Like Adam Behr, I am intrigued by the growing popularity of the concept of ‘classic’ albums live, and his insightful post on this site served to highlight several of the contradictions inherent within such vehicles.  Considering contemporary consumption habits and the multitude of music file management manifestations, do such events assume the guise of a visual record-listening club and represent the only occasion  when we experience to an album from start to finish, and in the order represented on the sleeve?  Furthermore, by their very nature, do these recitals serve to impose a ‘set list tyranny’, and deprive the audience of any form of engagement with the concept of spontaneity within live performances?  Ultimately, despite emanating from an  analogue era, are such enterprises emblematic of what appears to be the increasingly obvious manifestation towards the anaesthetized live concert experience?

This last issue is something that seemed to underpin several aspects of the discussion that emerged from the recent Live Music Exchange Conference in Leeds.  One distinct example materialized in the session devoted to the new live concert arena in Leeds, which is due to open in 2013.  Certainly, while this venue falls into the ‘long time coming’ category, its somewhat elongated development period has facilitated engagement with future-contemporary notions of the ‘perfect’ live entertainment experience from the promoter’s and venue’s perspective. ‘Perfect’ may not have been the actual term used on this occasion, but the terminology applied certainly indicated that this was a fundamental focus of the venture.  These ‘perfect experiences’, we were informed, ranged from streamlined transport links to the venue, to minimum queueing for refreshments, and enhanced sight-lines for the audience. Altogether, the perfect live concert experience.

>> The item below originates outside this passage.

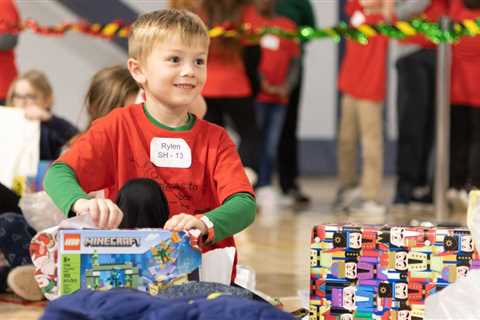 Boys & Girls Clubs of Greater Northwest Indiana create an unforgettable Christmas for the area’s..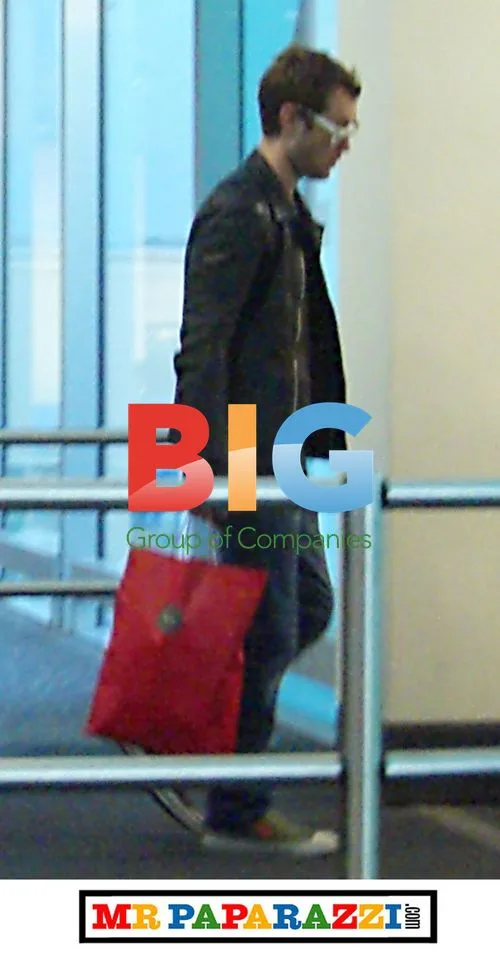 Jude Law on Budget Flight with Kids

However, such notions of perfection, especially within the live music environment are of a subjective nature.  I would further suggest that the ‘perfect experiences’ referred to are ultimately ‘monetizing experiences’ for both the promoter and the venue, be it through avenues such as car parking charges and elevated prices for refreshments. Of course, this is in addition to the already high ticket price and the associated supplementary charges, be it a booking fee, service charge and the cost of either posting the tickets or charging you for the privilege of printing your own.  And, as we are all probably aware from previous media coverage and Martin Cloonan’s earlier post, if the primary ticket market appears overburdened by additional charges, then (what amounts to) the officially sanctioned black market environment inhabited by the secondary ticket market, tends to resemble a Wild-West scenario, and reflects business practices adopted by certain unscrupulous Svengalis from the embryonic stages of live music concert promotion.

Overall, the discussion that emerged from the session devoted to the Leeds Arena seemed to suggest that the facilities and conveniences offered by the venue would amount to an almost revelatory encounter for the audience, and that, in some way, we should somehow feel privileged for the opportunity of being able to attend this venue and engage with the perfect concert experience.  Such considerations help to draw parallels with venues from the pre-arena environment, and this is where my current research, which is based on the Glasgow Apollo (1973-85), will hopefully address the dichotomy related to notions of the ‘prefect’ live concerts between these two eras.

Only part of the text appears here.